The department is working with Michigan Works! in the Thumb region to develop some of those career links.
Once the food is ready to sell, the department also has to be sure it is safe, Clover Adams said. So the department will continue working with the industry and the Legislature to increase some of its inspection fees.
“Our compliance rate is only 55 percent,” she said. “How do we get that number up?”
One way, she said, is to increase the number of inspectors to ensure regular inspections. “Our presence in the field serves as deterrence,” she said.
The department is also working to make the inspection process easier by moving to a central system. Clover Adams noted that dairy inspections are still recorded on paper.
“We’re going to launch them into the electronic age in January,” she said, though that will not yet be part of the central system.
Nursery, food and motor fuel quality licenses will launch on the central licensing system in the coming year, with the remainder of the 40 licenses added in coming years, making life better for the customer and the inspector, she said.
The new system provides portals for the public to view the results of the inspections.
The department will also continue with its efforts to reduce the environmental impact of farming through the Michigan Agriculture Environmental Assurance Program, she said. At the end of October, the program crossed the halfway mark to its goal of 5,000 verified farms despite some criticism the department could make the goal.
“I think we’re getting to some critical mass where we’re going to get to that number,” she said, noting that an increasing number of farms have joined the program each year.
But she said the effects are more important than the number of farms. “It’s all the environmental benefits that go with it and the risks that are reduced on farms,” she said. “Annually, 780 million pounds of sediment, 572,000 pounds of phosphorus and 1.2 million pounds of nitrogen didn’t go in the water because of the practices. Those are year over year benefits you get.”
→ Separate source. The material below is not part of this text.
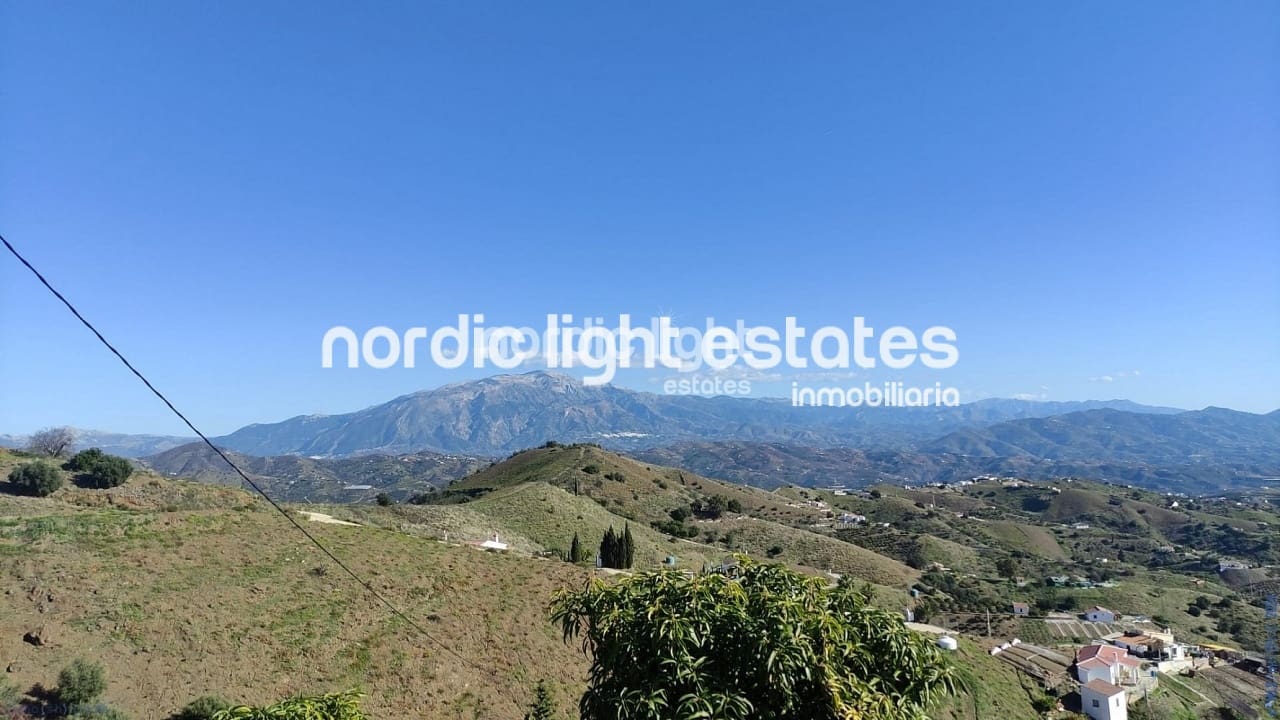 5 bedroom Finca/Country House for sale in El Borge with pool garage - € 340,000 (Ref: 9693996)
And she said getting current farmers to adopt the practices will mean those changes being passed down to future generations.
In addition to farms adopting recommendations under MAEAP, the state has also reached 75,000 acres of buffer strips between farms and neighboring water bodies under the Conservation Reserve Enhancement Program. That, she said, prevented another 1 million tons of sediment from 375,000 acres.
Continuing the MAEAP program will mean, though, renewing the Groundwater Freshwater Fund, which sunsets this year, Clover Adams said. The program provides about $4.5 million that in part funds MAEAP reviews.
The department will also be working to better tell its story in the coming year, Clover Adams said. Instead of leaders for each program or division simply reporting what they did in the past year, she said she and her communications staff are working to encourage them to include why those activities are important.
“We’re going to help our staff start packaging what they do. We do a lot of really good things. … There are really good stories out there,” she said. “If they can’t tell me why it’s important, then it’s not something that adds value and we probably shouldn’t be doing it.”